How often are seniors receiving cancer screening?
Many breast and prostate cancer screenings performed on the nation’s elderly are unnecessary and should not be recommended under current guidelines, according to research published online Jan. 21 in JAMA Oncology.
Overdiagnosis stemming from these exams is estimated to cost the U.S. healthcare system $1.2 billion annually, despite established guidelines recommending against screening for breast and prostate cancer in individuals with limited life expectancy.
How widespread this excessive screening has become merits investigation, according to Firas Abdollah, MD, and his colleagues at the Henry Ford Health System in Detroit. “With the aging population and an expected surge of older individuals with prostate cancer and breast cancer in upcoming years … a contemporary nationwide and state-by-state assessment of the prevalence of nonrecommended screening for prostate cancer and breast cancer is essential and timely,” the authors wrote.

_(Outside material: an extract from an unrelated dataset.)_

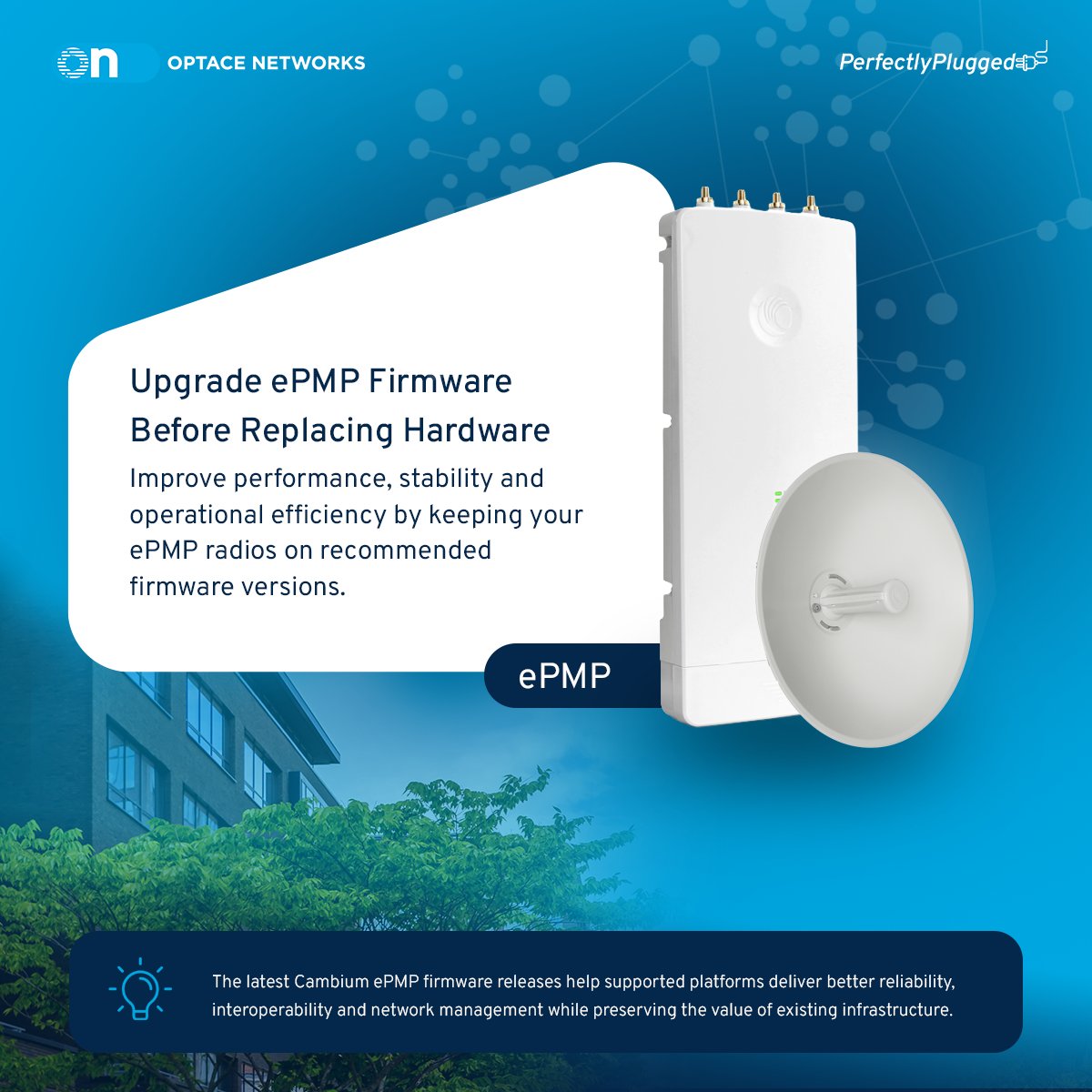OptaceNetworks's tweet photo. Learn how you can optimize your ePMP deployment with a structured firmware upgrade strategy for ePMP 3000, Force 300 and ePMP 4000 Series networks.
Learn more: https://t.co/2L7Djm86sG https://t.co/NEIVHIkfBv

To obtain this assessment, Abdollah and his colleagues analyzed the responses of nearly 150,000 individuals aged 65 and older as part of the 2012 Behavioral Risk Factors Surveillance System survey.
The results showed that more than half of seniors (51 percent) had undergone either mammography or prostate cancer screening within the past year. Of those patients, nearly a third (30 percent) had a life expectancy of 10 years or less.
The overall rate of unnecessary screening across the nation was 15 percent, with rates varying widely from state to state. Additionally, states with high rates of excessive mammography were more likely to have correlating rates of unnecessary prostate screenings.
Their findings could prove useful in revealing specific regions and states to target in the effort to reduce overdiagnosis due to excessive screening, according to the researchers.
"Efforts should be deployed to reduce non-recommended screening in states with a high rate of non-recommended screening," wrote Abdollah et al. "This effort may avoid significant harms to many individuals and improve the cost efficiency of screening initiatives."